Here is another relevant link from our docs - note the behavior of active/passive arrays as well (I see rdac is one of the multipath maps, and HP is listed in multipath.conf, though I did not see any maps): http://www.redhat.com/docs/en-US/Red_Hat_Enterprise_Linux/5/html/DM_Multipath/multipath_logical_volumes.html
For the lvm.conf filter line, instead of: filter = [ "a|/dev/sda2|", "a|/dev/mpath/|", "a|/dev/mapper/|", "r|.*|" ] try filter = [ "a|/dev/sda2|", "a|/dev/mpath/|", "a|/dev/mapper/3600*|", "r|.*|" ] Or alternatively, set "user_friendly_names yes" in multipath.conf and use filter = [ "a|/dev/sda2|", "a|/dev/mpath/|", "a|/dev/mapper/mpath*|", "r|.*|" ] (NOTE: I am not 100% sure all the issues with user_friendly_names have been addressed in RHEL5.4 but I know a lot of them have been fixed.)
If you don't have a blacklist in /etc/multipath.conf, you get the default, which is devnode ^(ram|raw|loop|fd|md|dm-|sr|scd|st)[0-9]*" devnode "^hd[a-z][[0-9]*]" which will keep you from pulling in the device types you don't want. The majority of users just use the default blacklist. To double check that multipath isn't wasting time trying to use devices that it can't, run # multipath -ll -v3 | less The first thing that happens is path discovery, you should see lines like dm-0: blacklisted dm-1: blacklisted Also sections like: sda: not found in pathvec sda: mask = 0x5 sda: bus = 1 sda: dev_t = 8:0 sda: size = 156250000 sda: vendor = ATA sda: product = WDC WD800JD-75MS sda: rev = 10.0 sda: h:b:t:l = 0:0:0:0 sda: path checker = readsector0 (config file default) sda: state = 2 where multipath is getting information for the non-blacklisted devices. You should only see sections like this for the devices you want multipath to run on. Note, multipath won't create a map on top of a device that is already open. Some people don't bother to blacklist devices like their root filesystem device, since, in initrd, multipath will only create the multipath maps that you explicitly set up, and after that, the root device will already be mounted. If you have only a couple of devices like this, it shouldn't add a noticeable amount of time if you don't bother to blacklist them. Also, multipath won't run whenever you run an lvm command, so the only slowdown you would see from this would be on startup, or whenever you explicitly ran multipath.

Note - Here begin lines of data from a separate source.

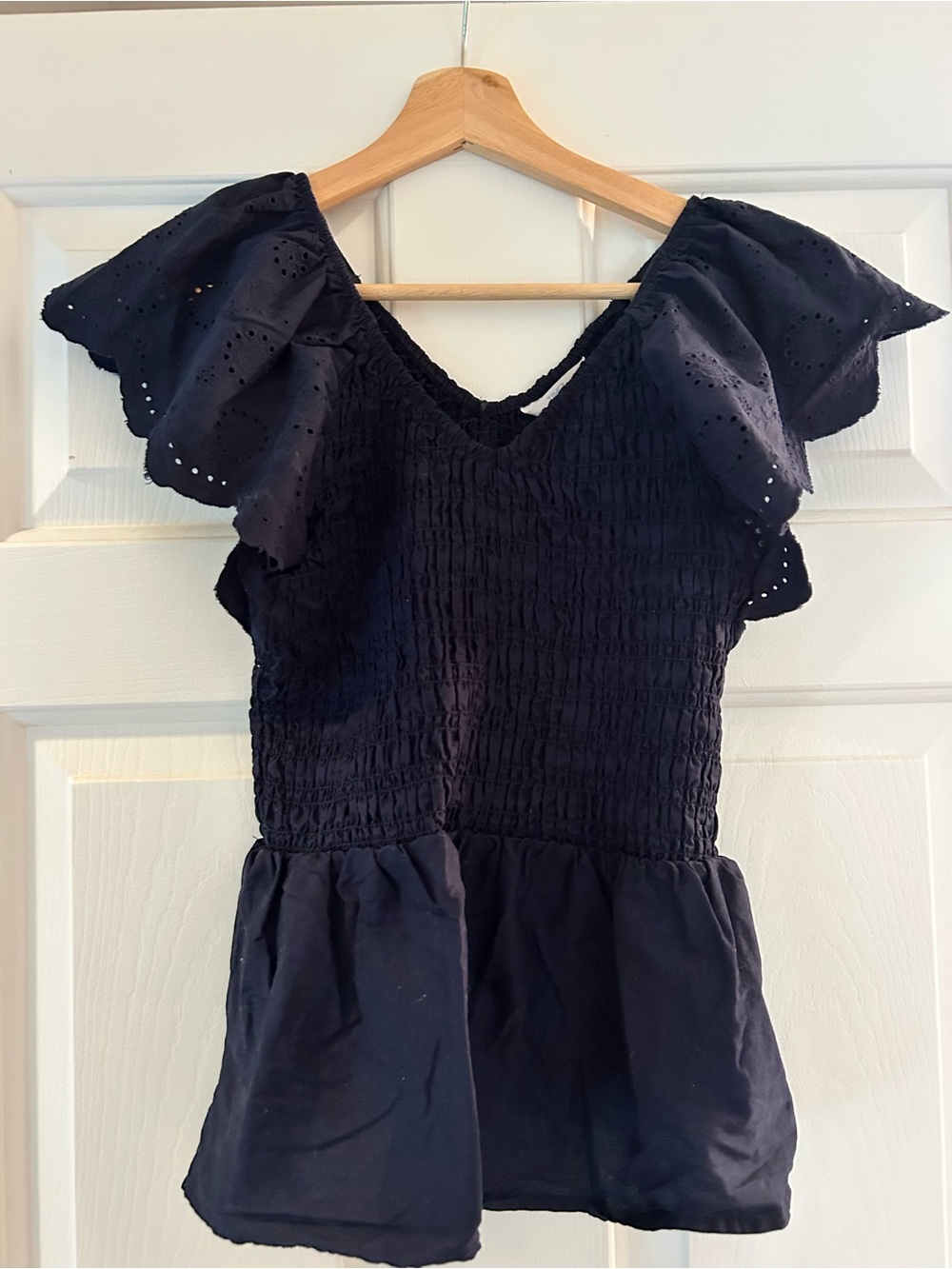Time and Tru Navy Eyelet Smocked Peplum Top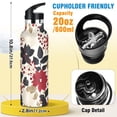 thumbnail image 2 of Kids Insulated Stainless Steel Sports Water Bottle 600ml (20oz) Red and Blacks Holly Leaves, 2 of 6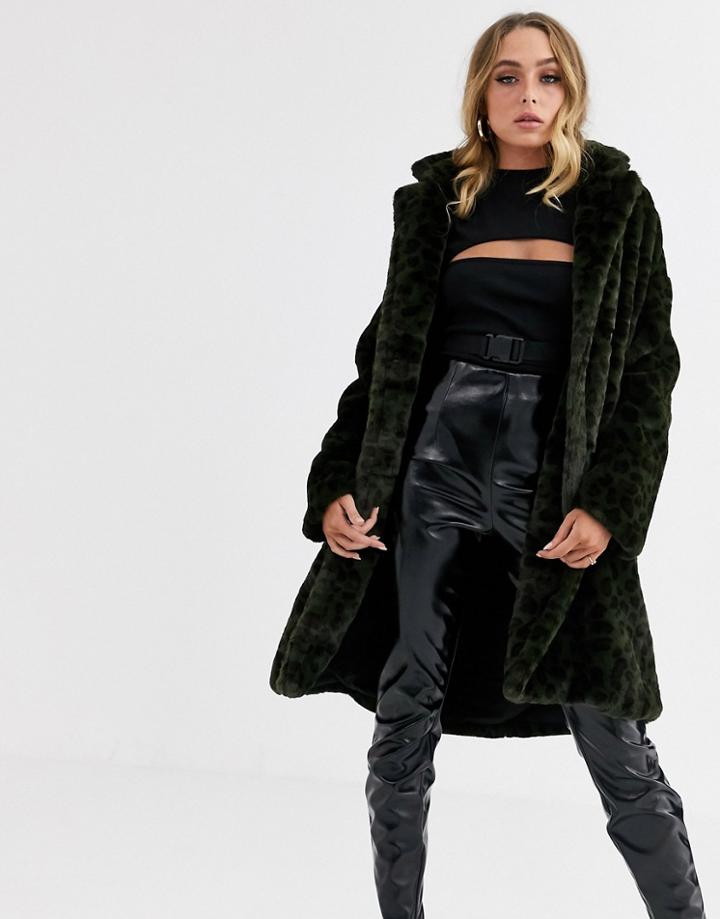 Jayley Leopard Print Faux Fur Double Breasted Coat-green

The only big problem with user friendly names is that devices are not guaranteed to have the same names on all the nodes that use these devices. In fact you should take is as guaranteed that they won't. However, If you're putting LVM on top of these devices anyway, then that's a non-issue. Also, there's no real reason to use /dev/mpath, since the devices will already be in /dev/mapper and they won't appear in /dev/mpath until udev gets around to it. But in general, using user_friendly_names is a good way to make your filtering easier. filter = [ "a|/dev/sda2|", "a|/dev/mapper/mpath*|", "r|.*|"] should work fine with, unless you need the multipath device to have the same names on all the nodes.
(In reply to comment #26) > The only big problem with user friendly names is that devices are not > guaranteed to have the same names on all the nodes that use these devices. In > fact you should take is as guaranteed that they won't. However, If you're > putting LVM on top of these devices anyway, then that's a non-issue. Also, > there's no real reason to use /dev/mpath, since the devices will already be in > /dev/mapper and they won't appear in /dev/mpath until udev gets around to it. > > But in general, using user_friendly_names is a good way to make your filtering > easier. > > filter = [ "a|/dev/sda2|", "a|/dev/mapper/mpath*|", "r|.*|"] > > should work fine with, unless you need the multipath device to have the same > names on all the nodes. True for RHEV. Anyhow, why should the lvm filtering issue be related to the problem described above?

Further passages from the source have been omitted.